Single AZ deployments. Always spread subnets across at least two AZs for high availability. An AZ outage should not take down your entire application.
Overly permissive security groups. Never use 0.0.0.0/0 on application or database security groups. Reference other security groups by ID instead.
No VPC endpoints. Without endpoints, traffic to S3 and DynamoDB from private subnets goes through the NAT Gateway, adding cost and latency.

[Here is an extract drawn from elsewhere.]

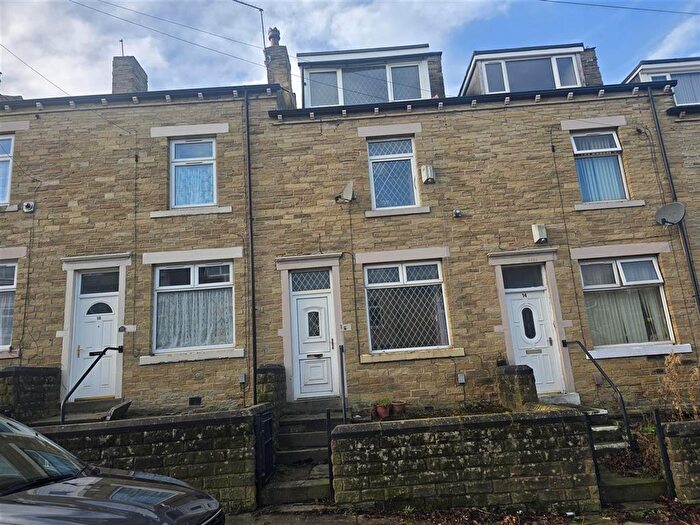 3 Bedroom Terraced House For Sale In Ramsey Street, Bradford, BD5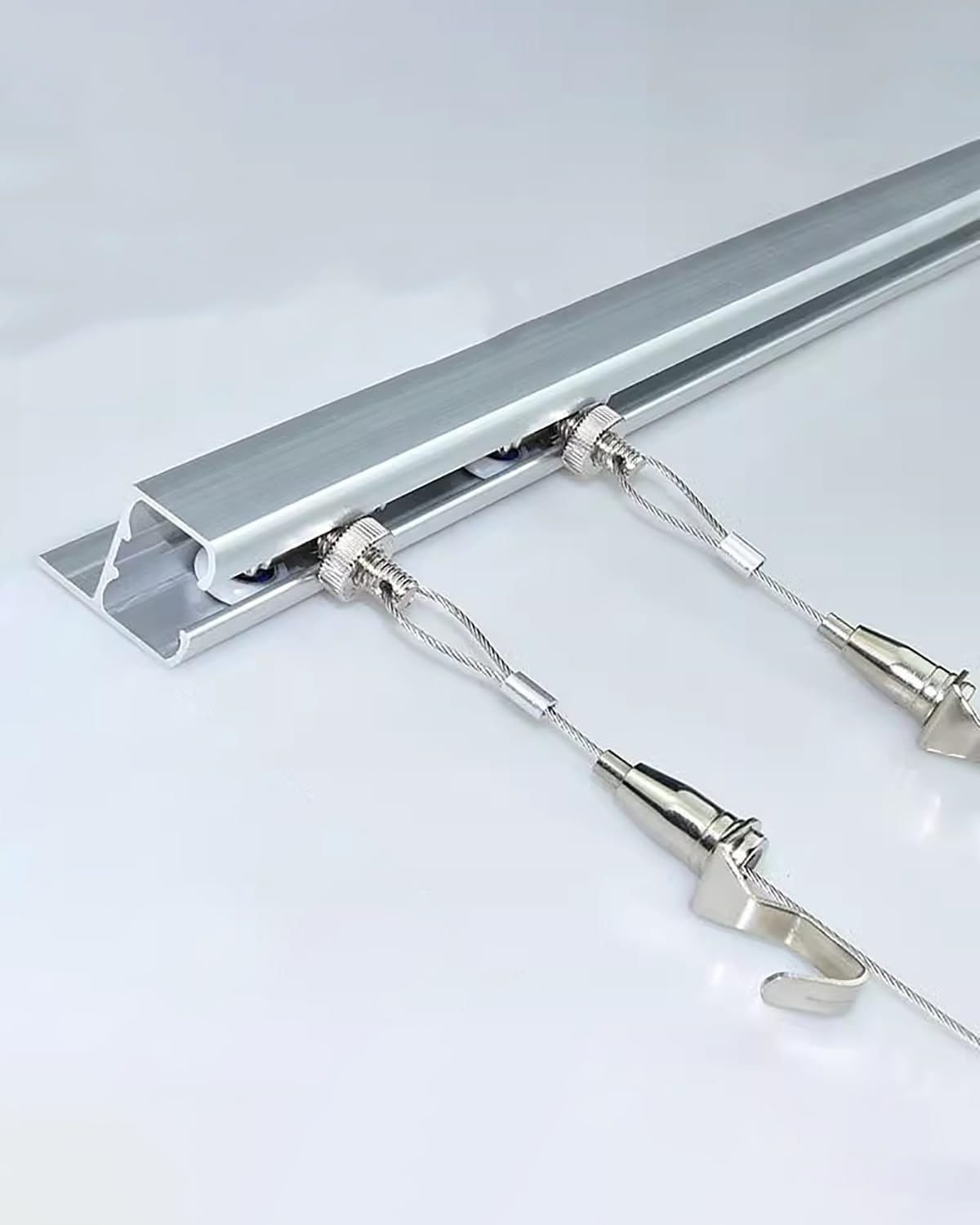Szyna do Wieszania Obrazów Zestaw do Zawieszania Kolaży na Ścianie z Regulowanymi Hakami ze Stalowych Linek, Zestaw do Regulacji Ramek Ściennych, Półka(45"/114cm Track,1.6'/0.5m Cable)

Ignoring flow logs. Enable flow logs from day one. You will need them when troubleshooting connectivity or investigating security incidents.
Wrapping Up
AWS VPC networking is the foundation that every other service builds on. A well-designed VPC uses multiple AZs, separates public and private tiers, employs security groups and NACLs for defense in depth, and uses VPC endpoints to keep traffic private and reduce costs.
Start with the three-tier architecture described here and adjust based on your workload. The time you invest in VPC design pays dividends in security, reliability, and operational simplicity as your infrastructure grows.